To do →
Find the line below with "Good afternoon and" and the line with "In the next". Output exactly those lines and everything between them, leaving out the pictures.

*** Opening Supplied material ***

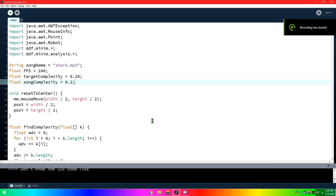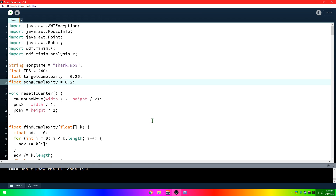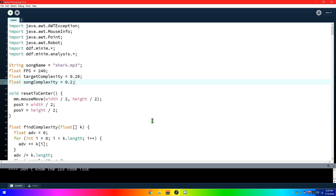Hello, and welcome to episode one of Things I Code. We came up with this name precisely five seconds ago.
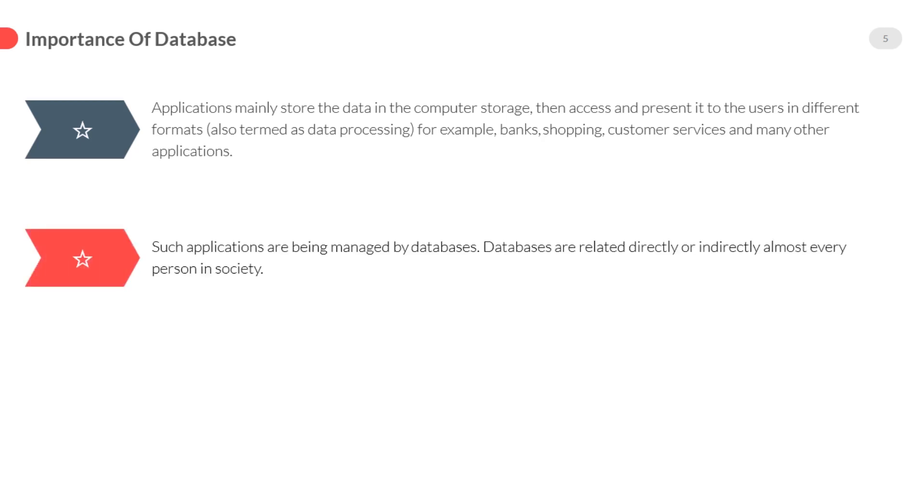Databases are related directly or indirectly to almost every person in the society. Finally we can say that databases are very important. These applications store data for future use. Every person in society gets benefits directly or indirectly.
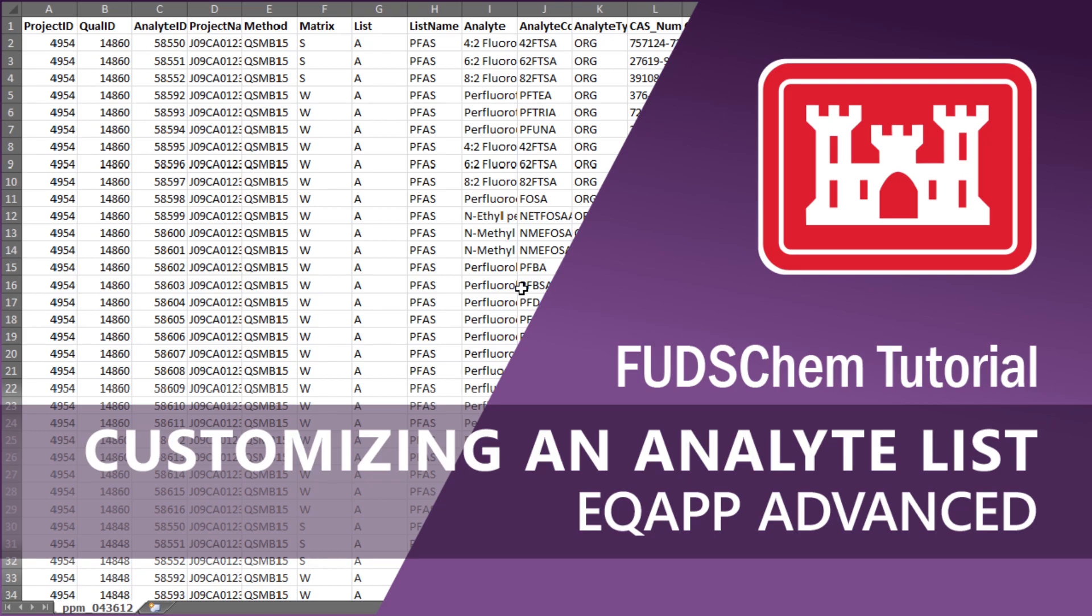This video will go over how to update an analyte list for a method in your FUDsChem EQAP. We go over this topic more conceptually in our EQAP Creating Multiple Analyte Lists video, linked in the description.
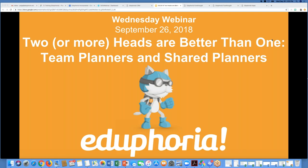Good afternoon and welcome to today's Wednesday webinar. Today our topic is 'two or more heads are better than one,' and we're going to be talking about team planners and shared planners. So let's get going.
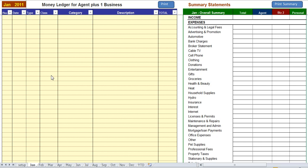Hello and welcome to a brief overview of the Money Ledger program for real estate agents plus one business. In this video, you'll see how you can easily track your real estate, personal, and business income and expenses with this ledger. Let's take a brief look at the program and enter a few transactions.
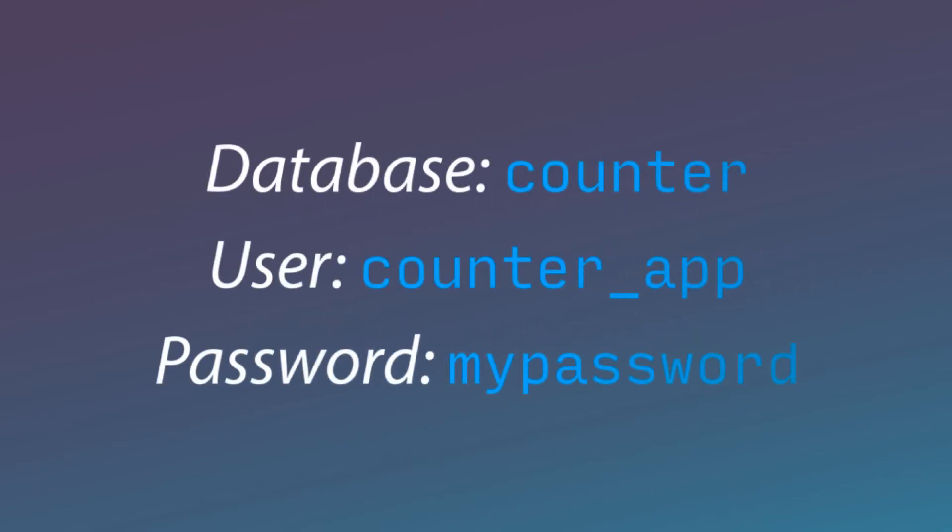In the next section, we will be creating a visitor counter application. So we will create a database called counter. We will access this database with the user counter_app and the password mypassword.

*** Closing Supplied material ***
*** Opening Supplied material ***

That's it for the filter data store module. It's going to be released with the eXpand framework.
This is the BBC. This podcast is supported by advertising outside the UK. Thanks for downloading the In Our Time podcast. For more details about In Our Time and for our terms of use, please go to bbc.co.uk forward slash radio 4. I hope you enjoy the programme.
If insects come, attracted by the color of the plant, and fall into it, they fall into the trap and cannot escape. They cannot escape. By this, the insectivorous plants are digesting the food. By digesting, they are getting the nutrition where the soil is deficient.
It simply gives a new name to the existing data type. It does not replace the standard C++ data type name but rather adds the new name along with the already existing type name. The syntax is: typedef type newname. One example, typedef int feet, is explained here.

*** Closing Supplied material ***

Exercise solution →
Good afternoon and welcome to today's Wednesday webinar. Today our topic is 'two or more heads are better than one,' and we're going to be talking about team planners and shared planners. So let's get going.
Hello and welcome to a brief overview of the Money Ledger program for real estate agents plus one business. In this video, you'll see how you can easily track your real estate, personal, and business income and expenses with this ledger. Let's take a brief look at the program and enter a few transactions.
In the next section, we will be creating a visitor counter application. So we will create a database called counter. We will access this database with the user counter_app and the password mypassword.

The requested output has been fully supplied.